THE DATA Start Marker

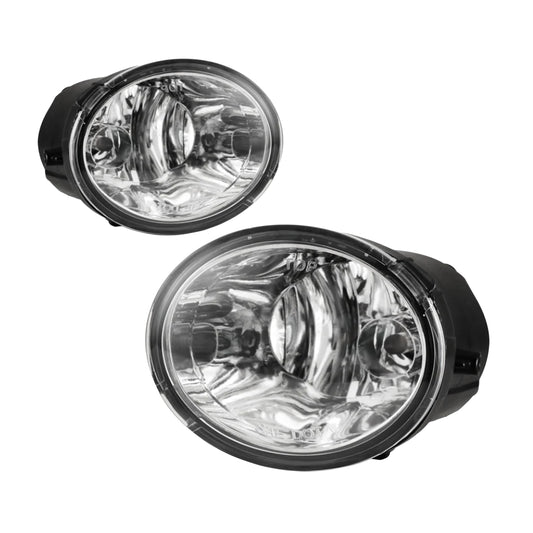 TOYOTA SEQUOIA 2001-2006 FOG LIGHTS
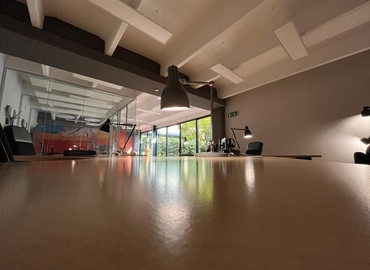 Affitta ufficio condiviso comodo a Milano di 200 m², Via Figini 16 - 6 | MatchOffice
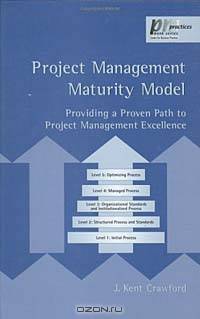 Project Management Maturity Model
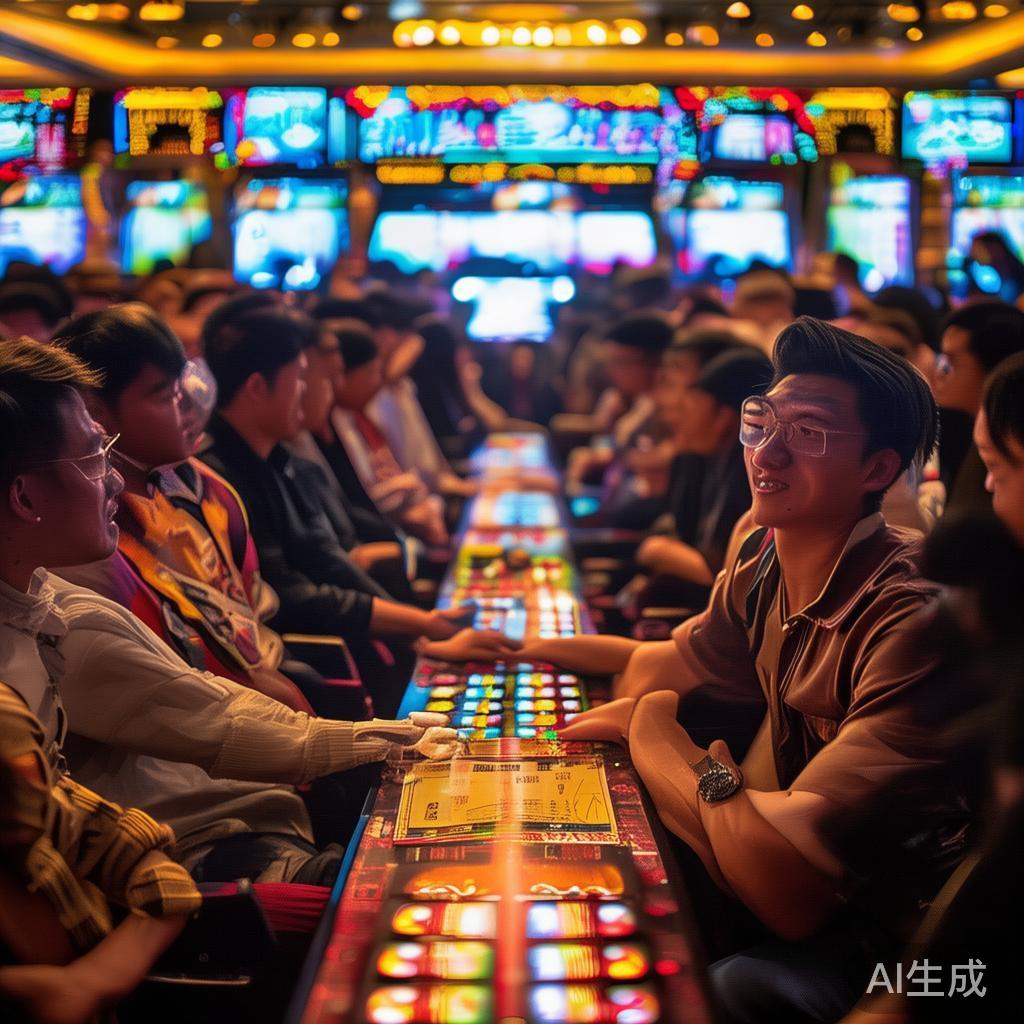 澳门PG电子游戏壕梦：探索豪华体验与财富盛宴的极致盛世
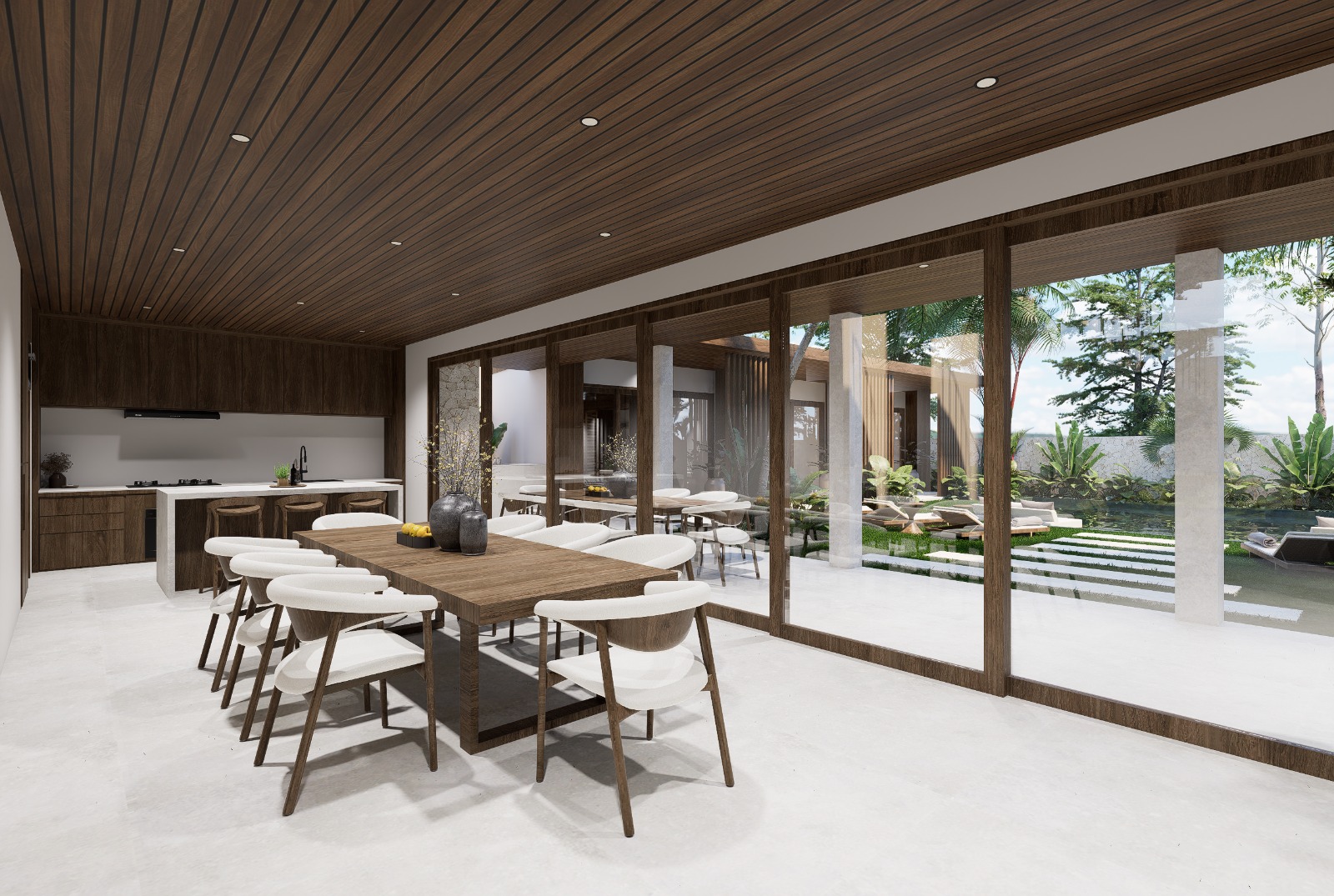 Villa Kaba-kaba Bali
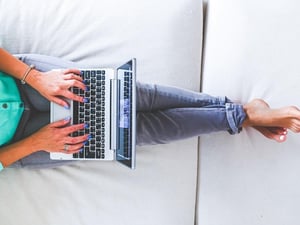 How does your screen time indirectly affects you?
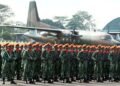 TNI AU Buka Membuka Rekrutmen Bintara PK 2026, Simak Syarat dan Jadwal Selengkapnya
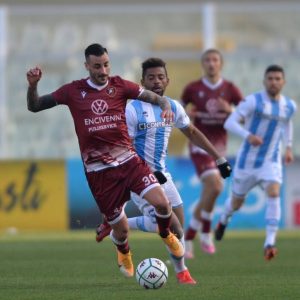 Montalto può rinnovare con la Reggina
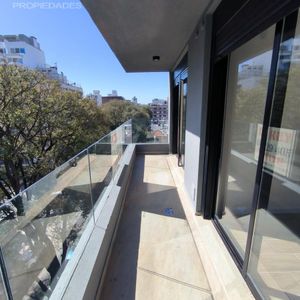 Venta Apartamento En Punta Carretas Delrey Propiedades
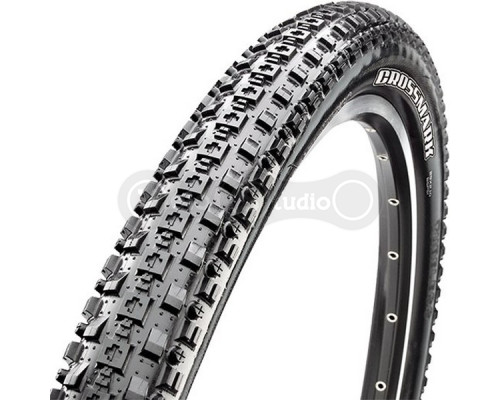 Покрышка 26x2.25 Maxxis Crossmark (54-559) 60TPI, Wire, черная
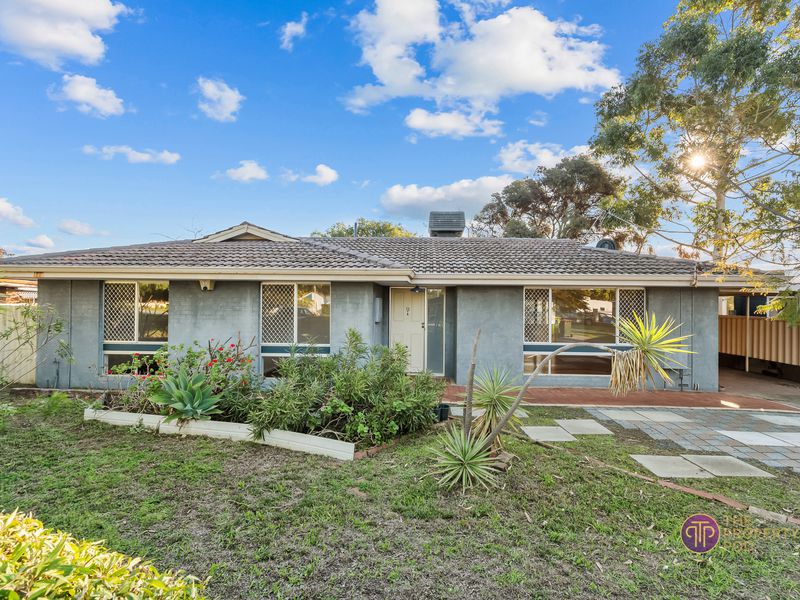 13a Peron Close, Cooloongup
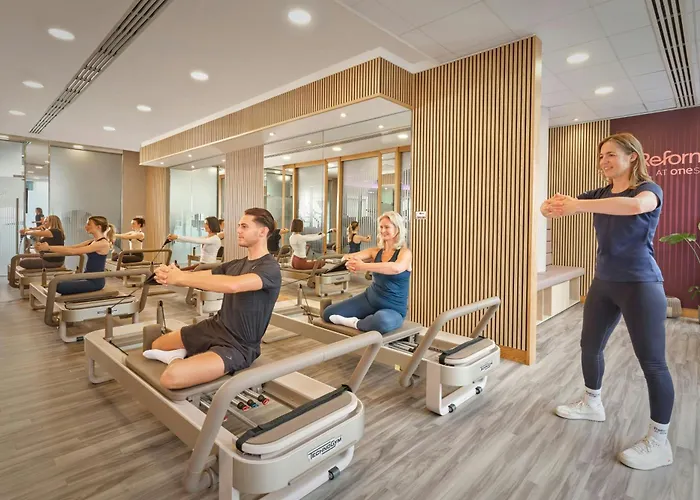 Sheraton Grand Hotel & Spa Edimburgo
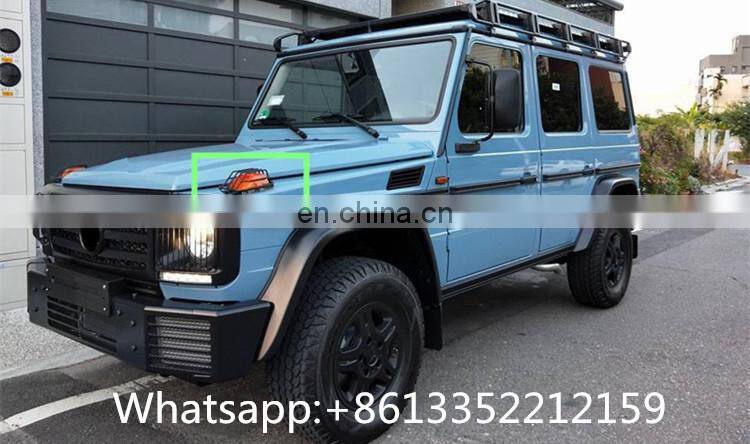 G class W463 sparewheel cover fit for g wagon  W463 G500 g55 G63 tail cover to carbon fiber spare wheel cover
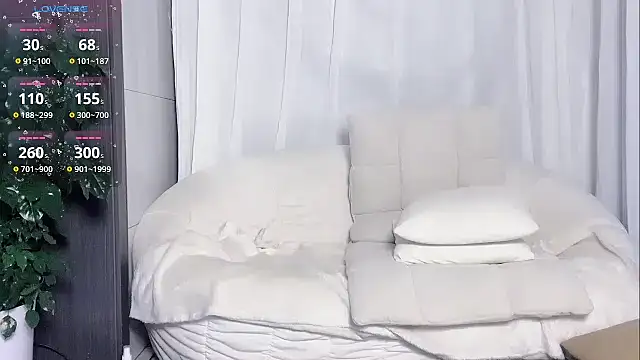 B-Yaya online show from April 2026 11:05:02 AM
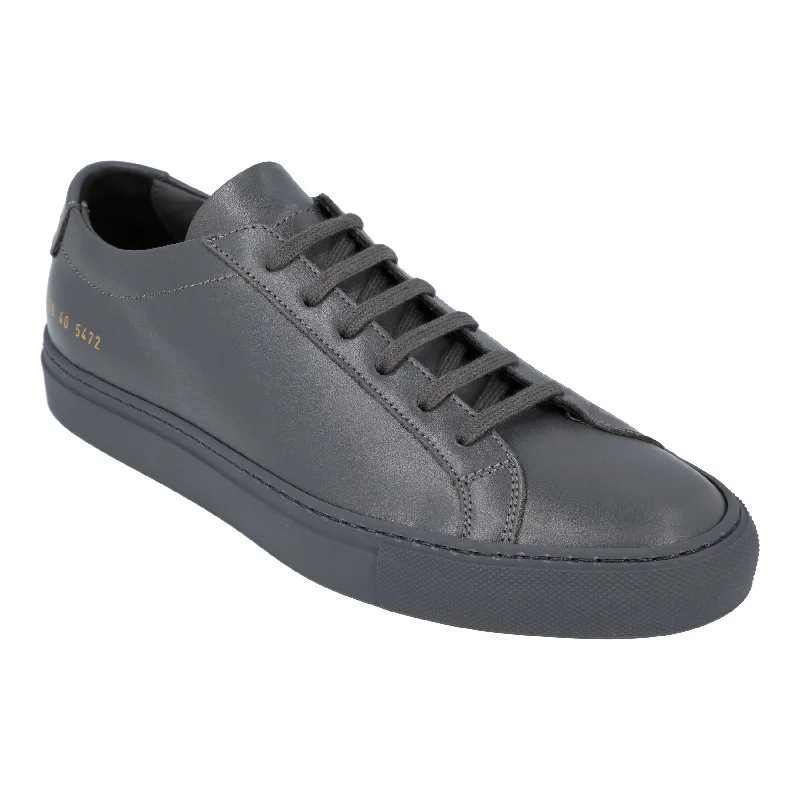 Statement Elegance Achilles Sneakers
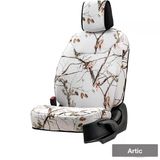 Otom Safari Concept Oto Koltuk Minderi Arctic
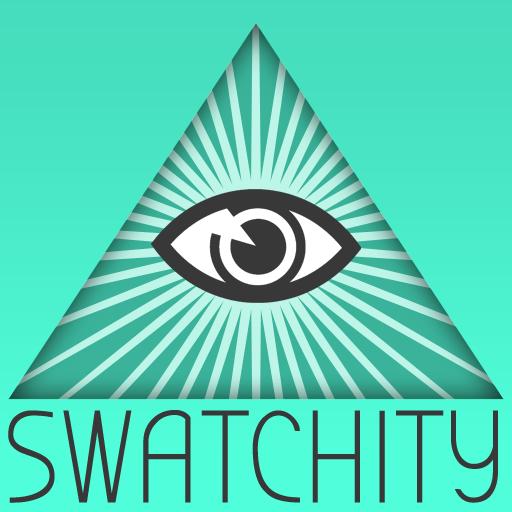 null Swatchity is very silly, indeed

THE DATA End Marker

_ASSIGNED TASK_
Above is a listing with pictures. Write it out exactly without them.

_TASK OUTPUT_
 TOYOTA SEQUOIA 2001-2006 FOG LIGHTS
 Affitta ufficio condiviso comodo a Milano di 200 m², Via Figini 16 - 6 | MatchOffice
 Project Management Maturity Model
 澳门PG电子游戏壕梦：探索豪华体验与财富盛宴的极致盛世
 Villa Kaba-kaba Bali
 How does your screen time indirectly affects you?
 TNI AU Buka Membuka Rekrutmen Bintara PK 2026, Simak Syarat dan Jadwal Selengkapnya
 Montalto può rinnovare con la Reggina
 Venta Apartamento En Punta Carretas Delrey Propiedades
 Покрышка 26x2.25 Maxxis Crossmark (54-559) 60TPI, Wire, черная
 13a Peron Close, Cooloongup
 Sheraton Grand Hotel & Spa Edimburgo
 G class W463 sparewheel cover fit for g wagon  W463 G500 g55 G63 tail cover to carbon fiber spare wheel cover
 B-Yaya online show from April 2026 11:05:02 AM
 Statement Elegance Achilles Sneakers
 Otom Safari Concept Oto Koltuk Minderi Arctic
 null Swatchity is very silly, indeed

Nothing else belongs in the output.